EXERCISE AIM – Copy the entries below verbatim, omitting any pictures they contain.
+++ DATA FOR PROCESSING
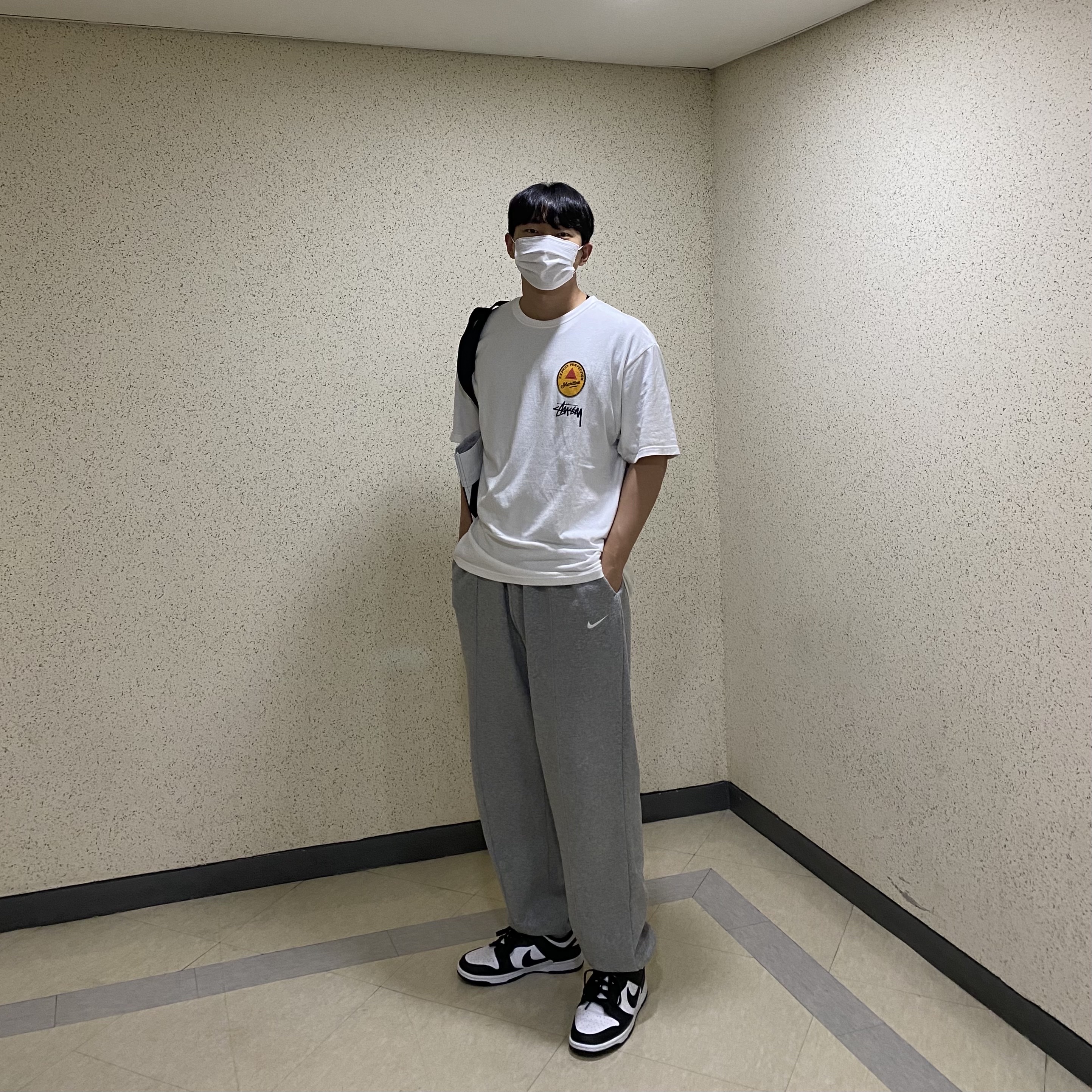 Stussy x Martine Rose 40 WT T-Shirt, Nike Dunk Low Retro Black 착용 스타일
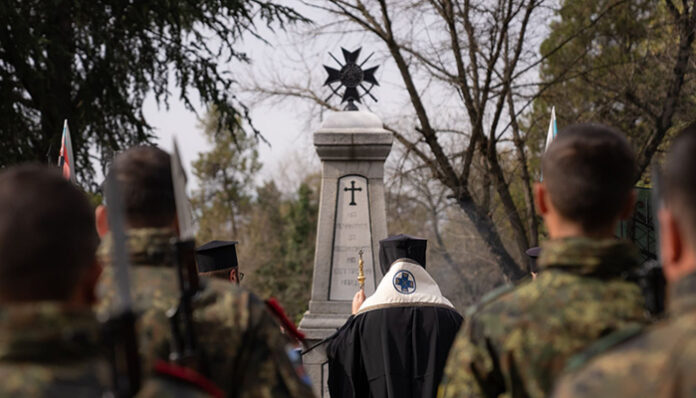 На Задушница: Благоевград почита паметта на загиналите за освобождението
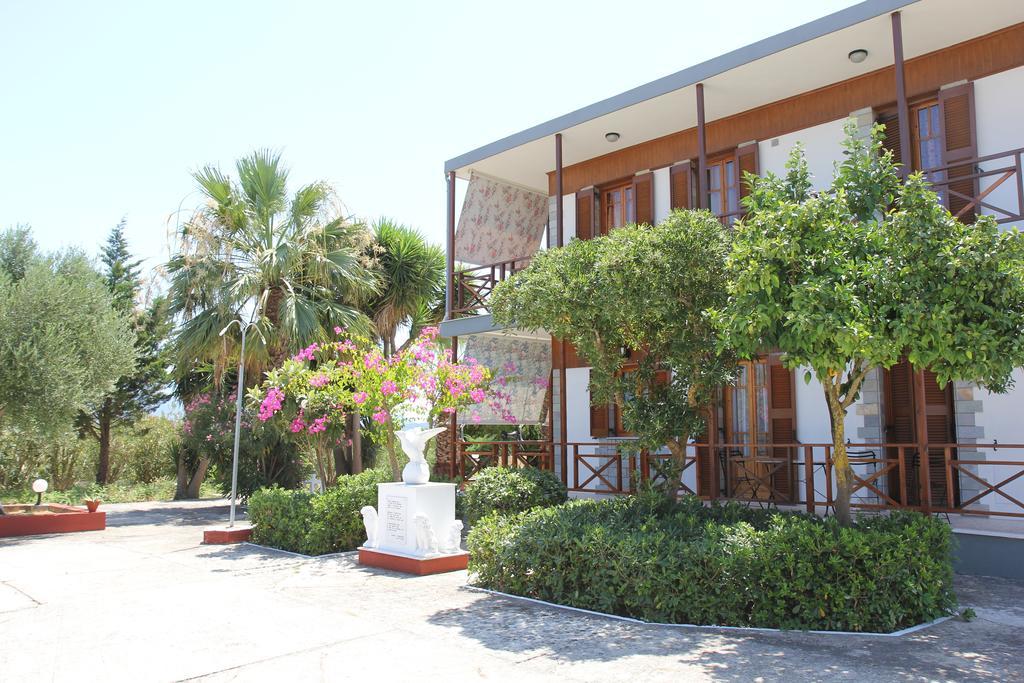 Circe Pansion Apartment Lixouri Ngoại thất bức ảnh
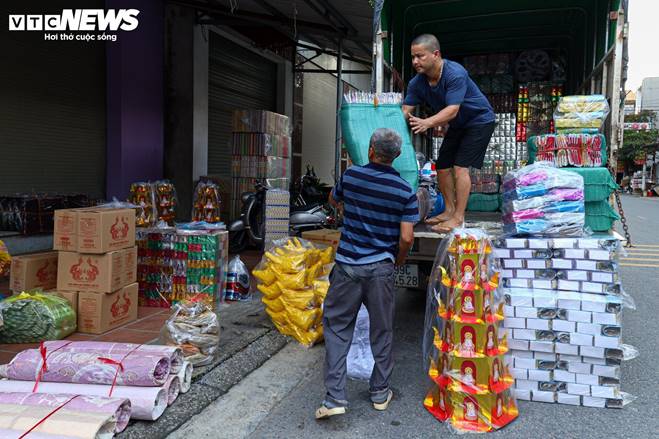 Nhà lầu, ô tô, điện thoại IPhone gấp rút sản xuất cho cõi âm kịp rằm tháng 7-20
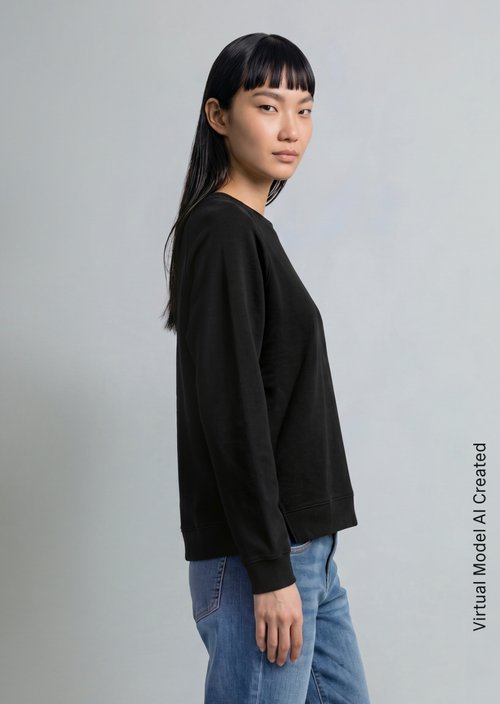 Sweatshirt — Black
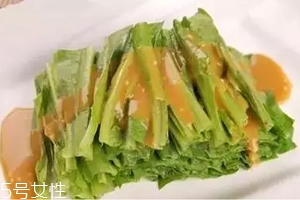 油麥菜怎么涼拌好吃？加點麻醬調(diào)味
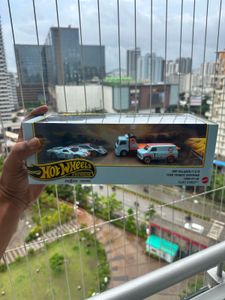 Hot Wheels Premium Gulf Racing 4-Car Set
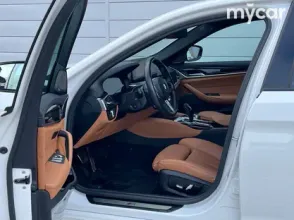 фото BMW 5 серия 2022 года с пробегом за 31600000 тенге в undefined - фото 3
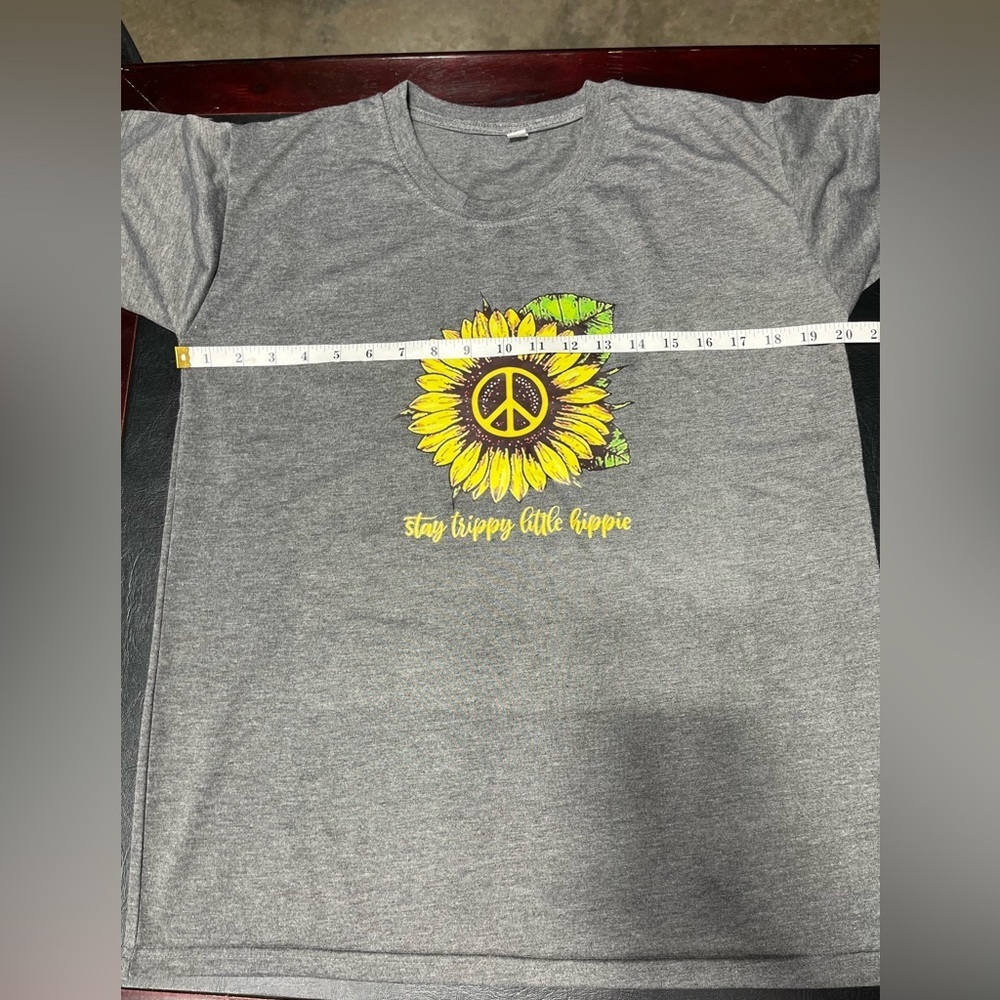 🔥”Stay trippy little hippie” gray tshirts - Picture 5 of 6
++++++
RESULT –
 Stussy x Martine Rose 40 WT T-Shirt, Nike Dunk Low Retro Black 착용 스타일
 На Задушница: Благоевград почита паметта на загиналите за освобождението
 Circe Pansion Apartment Lixouri Ngoại thất bức ảnh
 Nhà lầu, ô tô, điện thoại IPhone gấp rút sản xuất cho cõi âm kịp rằm tháng 7-20
 Sweatshirt — Black
 油麥菜怎么涼拌好吃？加點麻醬調(diào)味
 Hot Wheels Premium Gulf Racing 4-Car Set
 фото BMW 5 серия 2022 года с пробегом за 31600000 тенге в undefined - фото 3
 🔥”Stay trippy little hippie” gray tshirts - Picture 5 of 6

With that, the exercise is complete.